→ **Brief**
Working through the data below, reproduce word for word the line with "Fac-similé de Mercure" and every line after it, both ends included, and omit the pictures.

++++ Excerpted data ++++

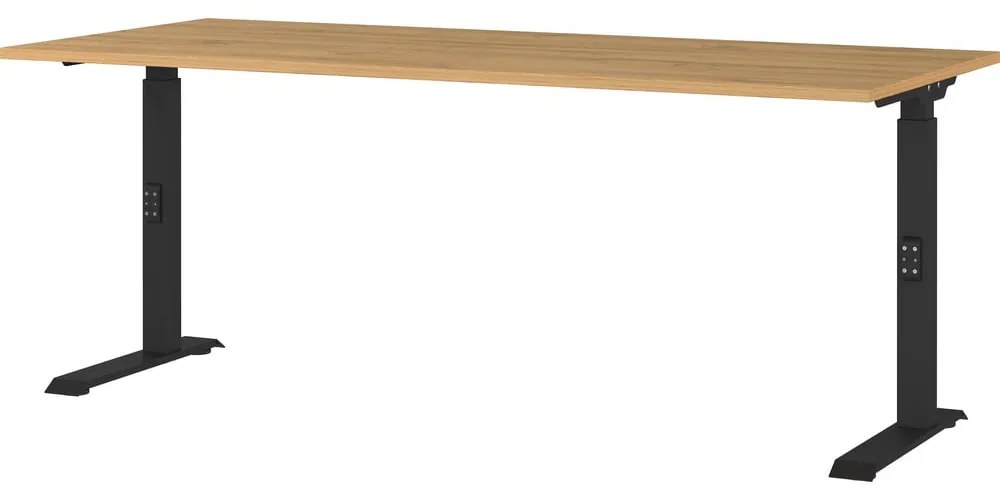 Biurko 80x180 cm Agenda – Germania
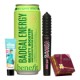 BADgal Energy Mascara, Primer & Bronzer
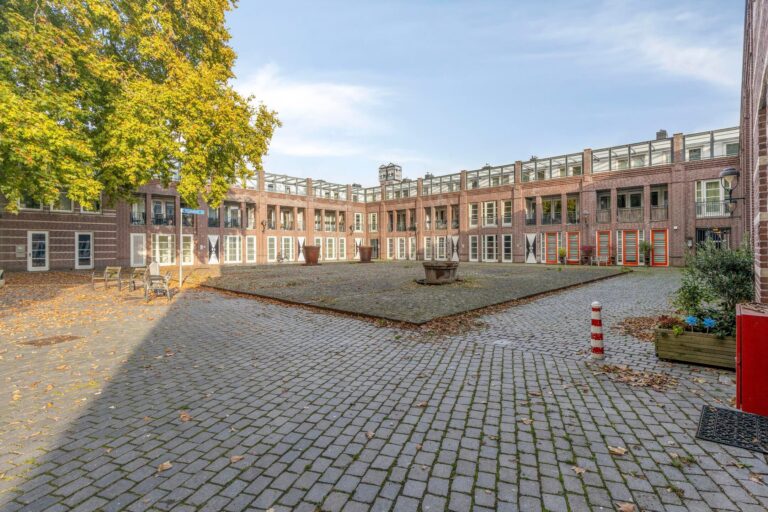 Koevoetstraat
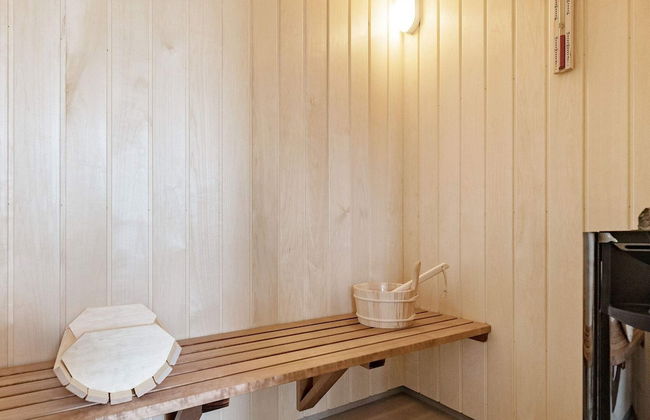 20 Person Holiday Home in Hojslev - Foto 15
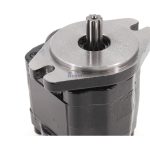 China 19.7cc/rev Right Rotation Hydraulic Gear Pump for Global Supply – Customization, Manufacturing, Agency Opportunities 4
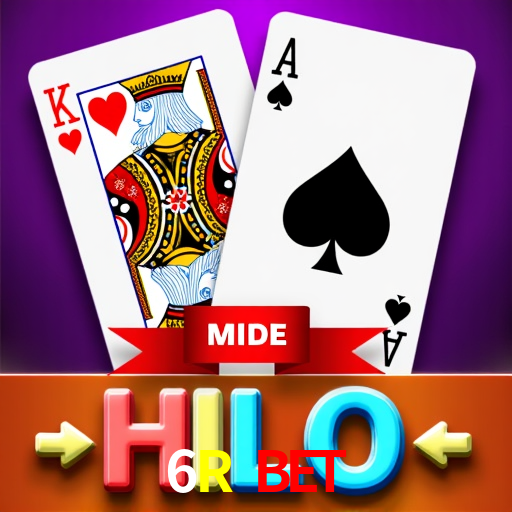 6R Bet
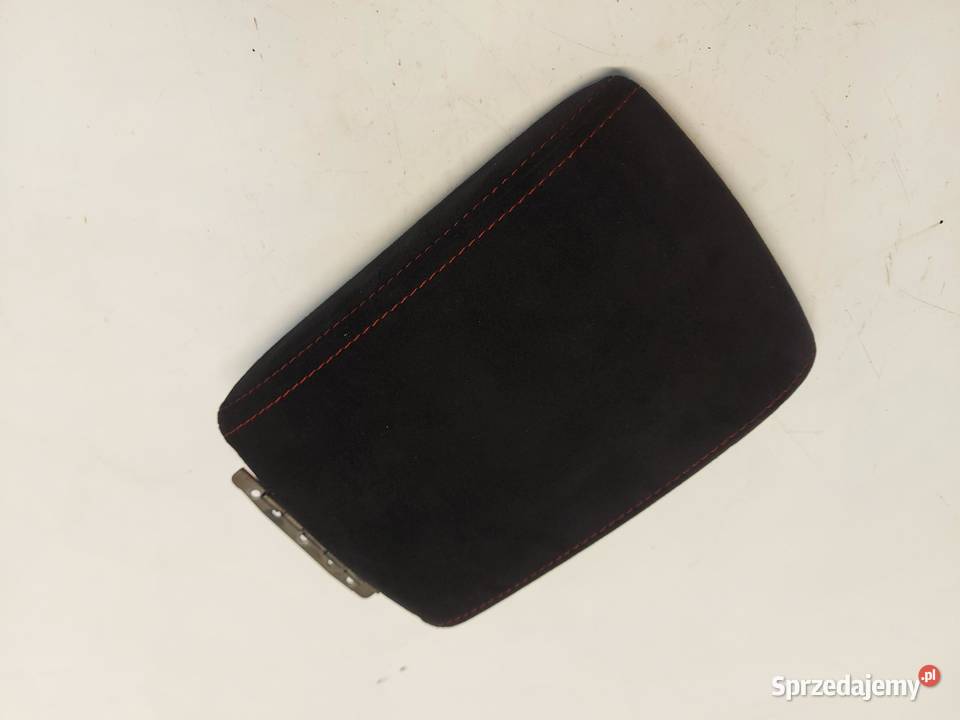 Subaru WRX STI 2015r podłokietnik tunelu Podłokietniki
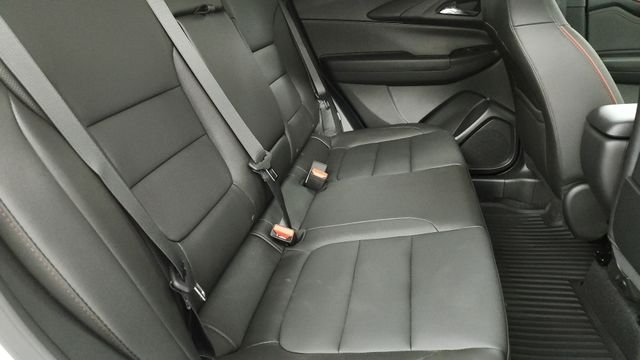 2026 Chevrolet Trailblazer RS - Photo 32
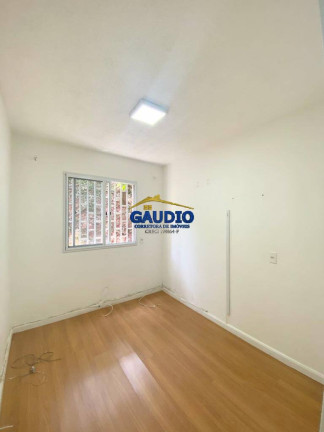 Imagem Apartamento com 2 Quartos para Alugar, 44 m² em Jardim Helga - São Paulo Imagem Apartamento com 2 Quartos para Alugar, 44 m² em Jardim Helga - São Paulo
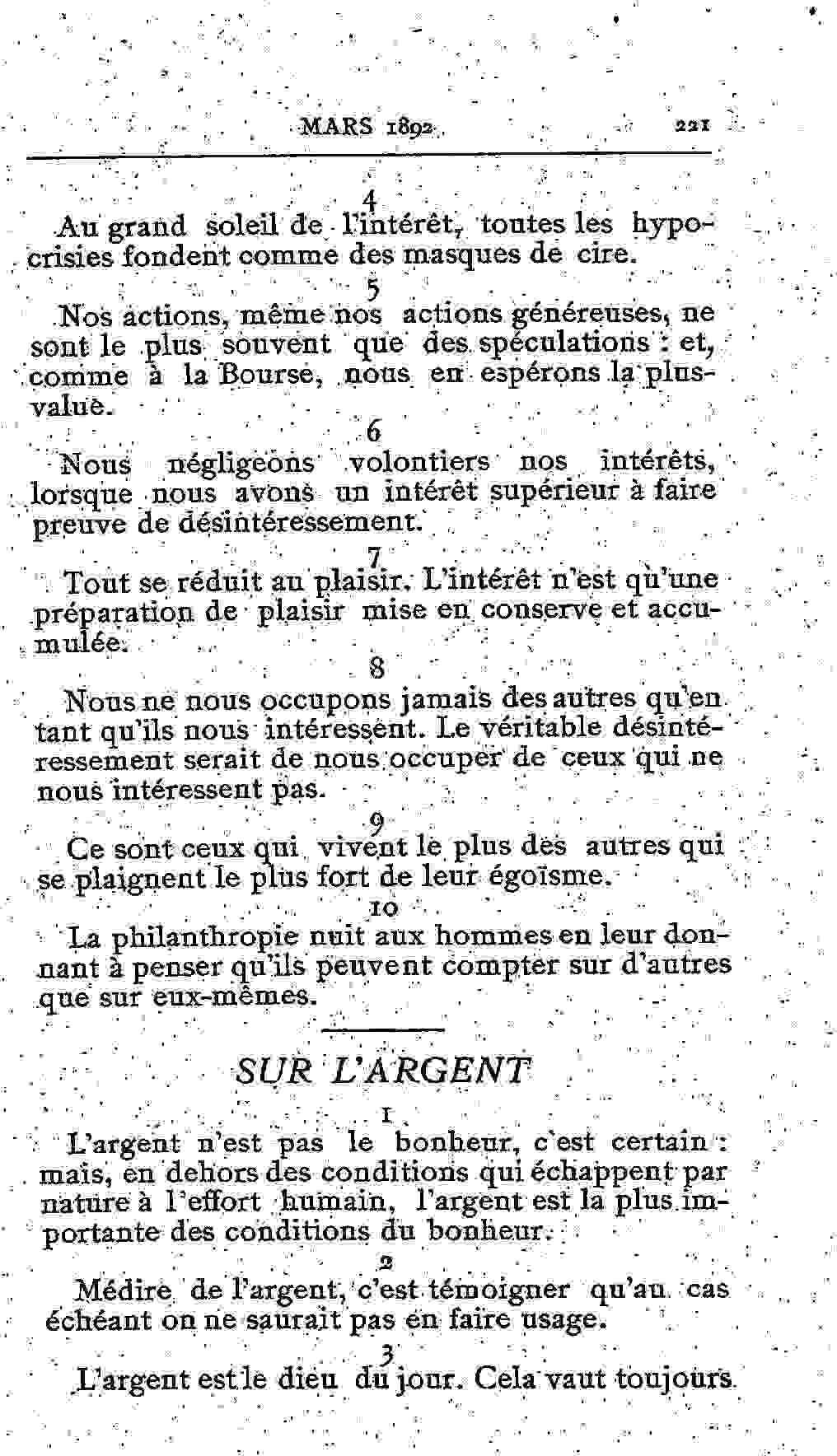 Fac-similé de Mercure de France tome 004 1892 page 221.jpg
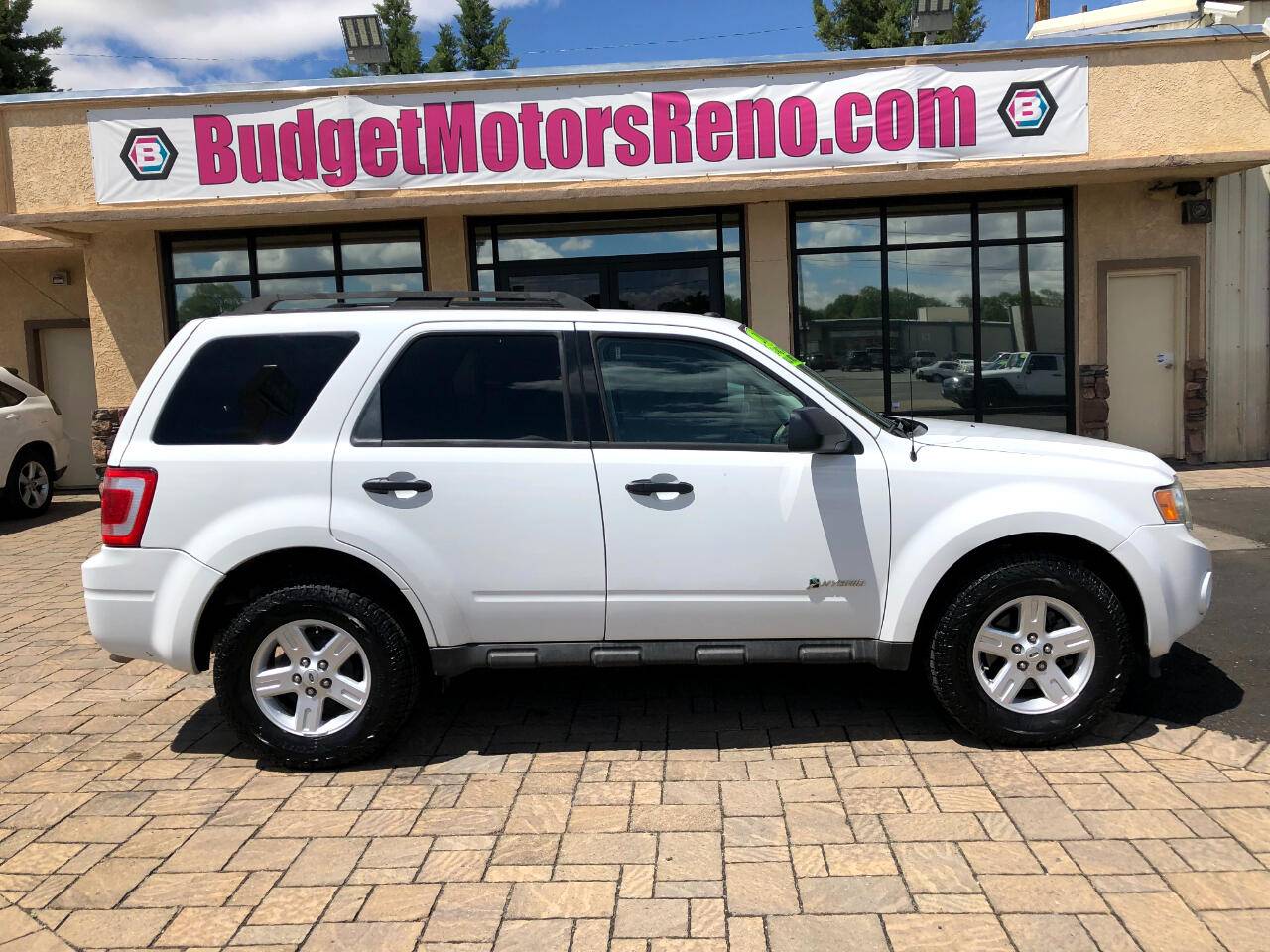 2010 Ford Escape Hybrid — SUV — 68,500 mi — Reno, NV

++++

→ **The answer**
 Fac-similé de Mercure de France tome 004 1892 page 221.jpg
 2010 Ford Escape Hybrid — SUV — 68,500 mi — Reno, NV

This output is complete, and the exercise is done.